*Your goal*
Set out exactly, line by line, the stretch of data below that begins at the line containing "Пистоль системы флинтлок 18 века" and ends at the line containing "Rochie scurtă roz THE NEW SOCIETY fată", with both ends kept.
(Data extract begins)
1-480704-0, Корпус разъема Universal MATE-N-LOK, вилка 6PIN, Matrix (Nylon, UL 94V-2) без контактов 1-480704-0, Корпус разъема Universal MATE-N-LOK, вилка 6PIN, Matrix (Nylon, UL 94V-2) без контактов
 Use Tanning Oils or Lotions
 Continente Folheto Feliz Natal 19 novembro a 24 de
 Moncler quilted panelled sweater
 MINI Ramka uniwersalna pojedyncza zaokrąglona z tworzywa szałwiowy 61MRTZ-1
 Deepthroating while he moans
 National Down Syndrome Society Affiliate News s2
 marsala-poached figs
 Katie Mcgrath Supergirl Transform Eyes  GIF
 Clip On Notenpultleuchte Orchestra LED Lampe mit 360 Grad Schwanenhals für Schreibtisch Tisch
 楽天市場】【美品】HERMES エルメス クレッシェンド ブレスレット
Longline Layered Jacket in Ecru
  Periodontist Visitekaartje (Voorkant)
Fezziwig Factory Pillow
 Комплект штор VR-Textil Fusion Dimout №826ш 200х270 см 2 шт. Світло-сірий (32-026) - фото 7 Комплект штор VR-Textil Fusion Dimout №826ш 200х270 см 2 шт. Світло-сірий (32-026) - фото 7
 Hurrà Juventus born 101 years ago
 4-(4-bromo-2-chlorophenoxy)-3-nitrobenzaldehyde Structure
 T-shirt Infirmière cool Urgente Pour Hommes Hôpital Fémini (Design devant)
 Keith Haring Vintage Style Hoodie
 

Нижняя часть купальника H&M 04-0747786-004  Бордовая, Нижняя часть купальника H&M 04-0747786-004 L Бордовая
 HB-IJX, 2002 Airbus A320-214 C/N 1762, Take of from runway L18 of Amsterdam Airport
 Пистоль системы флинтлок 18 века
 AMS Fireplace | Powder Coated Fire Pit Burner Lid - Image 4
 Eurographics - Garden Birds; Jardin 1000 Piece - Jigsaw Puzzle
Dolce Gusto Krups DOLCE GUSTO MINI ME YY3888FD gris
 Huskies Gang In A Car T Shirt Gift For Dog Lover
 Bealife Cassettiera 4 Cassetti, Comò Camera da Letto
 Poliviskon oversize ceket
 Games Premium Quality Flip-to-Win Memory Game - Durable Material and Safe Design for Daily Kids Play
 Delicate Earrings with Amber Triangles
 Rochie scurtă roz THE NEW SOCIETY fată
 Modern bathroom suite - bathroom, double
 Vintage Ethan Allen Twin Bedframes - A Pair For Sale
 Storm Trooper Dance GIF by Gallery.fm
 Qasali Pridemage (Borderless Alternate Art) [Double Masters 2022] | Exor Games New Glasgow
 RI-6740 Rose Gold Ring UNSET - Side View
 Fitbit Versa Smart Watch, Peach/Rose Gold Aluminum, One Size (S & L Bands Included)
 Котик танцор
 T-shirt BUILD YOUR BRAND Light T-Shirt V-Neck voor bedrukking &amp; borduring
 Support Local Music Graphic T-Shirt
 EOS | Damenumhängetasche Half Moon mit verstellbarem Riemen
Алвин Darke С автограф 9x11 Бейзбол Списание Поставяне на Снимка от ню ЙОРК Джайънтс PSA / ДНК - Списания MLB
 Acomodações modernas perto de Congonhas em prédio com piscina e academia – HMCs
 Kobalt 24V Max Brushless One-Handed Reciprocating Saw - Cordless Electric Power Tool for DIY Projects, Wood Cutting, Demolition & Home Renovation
(Data extract ends)
*Written response*
 Пистоль системы флинтлок 18 века
 AMS Fireplace | Powder Coated Fire Pit Burner Lid - Image 4
 Eurographics - Garden Birds; Jardin 1000 Piece - Jigsaw Puzzle
Dolce Gusto Krups DOLCE GUSTO MINI ME YY3888FD gris
 Huskies Gang In A Car T Shirt Gift For Dog Lover
 Bealife Cassettiera 4 Cassetti, Comò Camera da Letto
 Poliviskon oversize ceket
 Games Premium Quality Flip-to-Win Memory Game - Durable Material and Safe Design for Daily Kids Play
 Delicate Earrings with Amber Triangles
 Rochie scurtă roz THE NEW SOCIETY fată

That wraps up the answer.